» **Your task**
All pictures are to be dropped, and the remaining data set down exactly.

» **Given information**
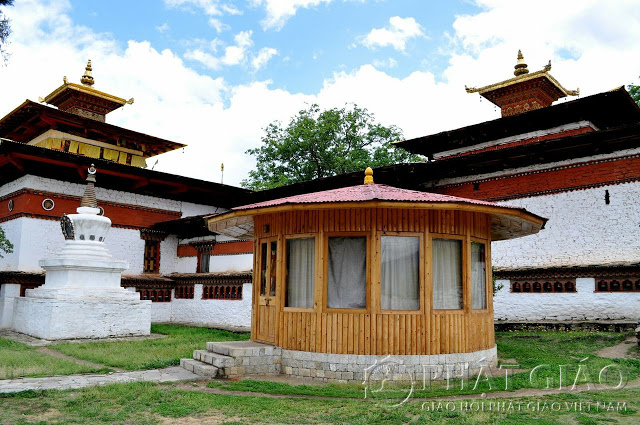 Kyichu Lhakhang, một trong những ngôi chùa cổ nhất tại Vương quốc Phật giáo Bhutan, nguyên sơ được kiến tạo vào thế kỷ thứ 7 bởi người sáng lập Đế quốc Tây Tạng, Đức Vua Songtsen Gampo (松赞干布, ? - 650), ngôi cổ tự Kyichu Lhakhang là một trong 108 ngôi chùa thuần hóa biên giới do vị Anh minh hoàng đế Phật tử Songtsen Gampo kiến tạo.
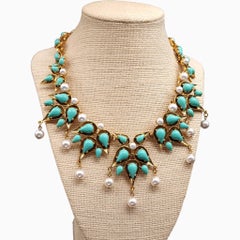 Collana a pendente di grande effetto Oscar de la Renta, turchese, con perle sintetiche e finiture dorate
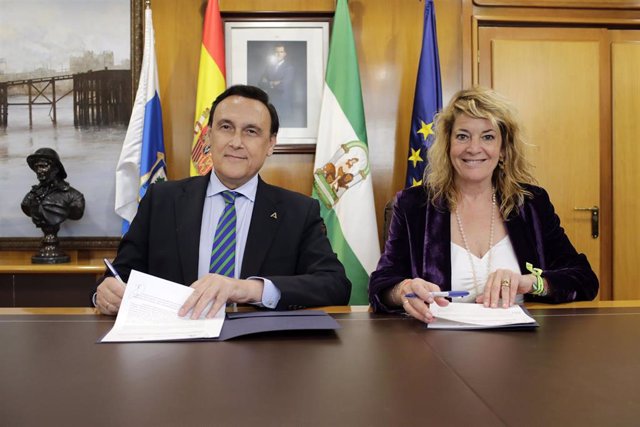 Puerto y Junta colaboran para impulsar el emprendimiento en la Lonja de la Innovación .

» **Exercise response**
 Kyichu Lhakhang, một trong những ngôi chùa cổ nhất tại Vương quốc Phật giáo Bhutan, nguyên sơ được kiến tạo vào thế kỷ thứ 7 bởi người sáng lập Đế quốc Tây Tạng, Đức Vua Songtsen Gampo (松赞干布, ? - 650), ngôi cổ tự Kyichu Lhakhang là một trong 108 ngôi chùa thuần hóa biên giới do vị Anh minh hoàng đế Phật tử Songtsen Gampo kiến tạo.
 Collana a pendente di grande effetto Oscar de la Renta, turchese, con perle sintetiche e finiture dorate
 Puerto y Junta colaboran para impulsar el emprendimiento en la Lonja de la Innovación .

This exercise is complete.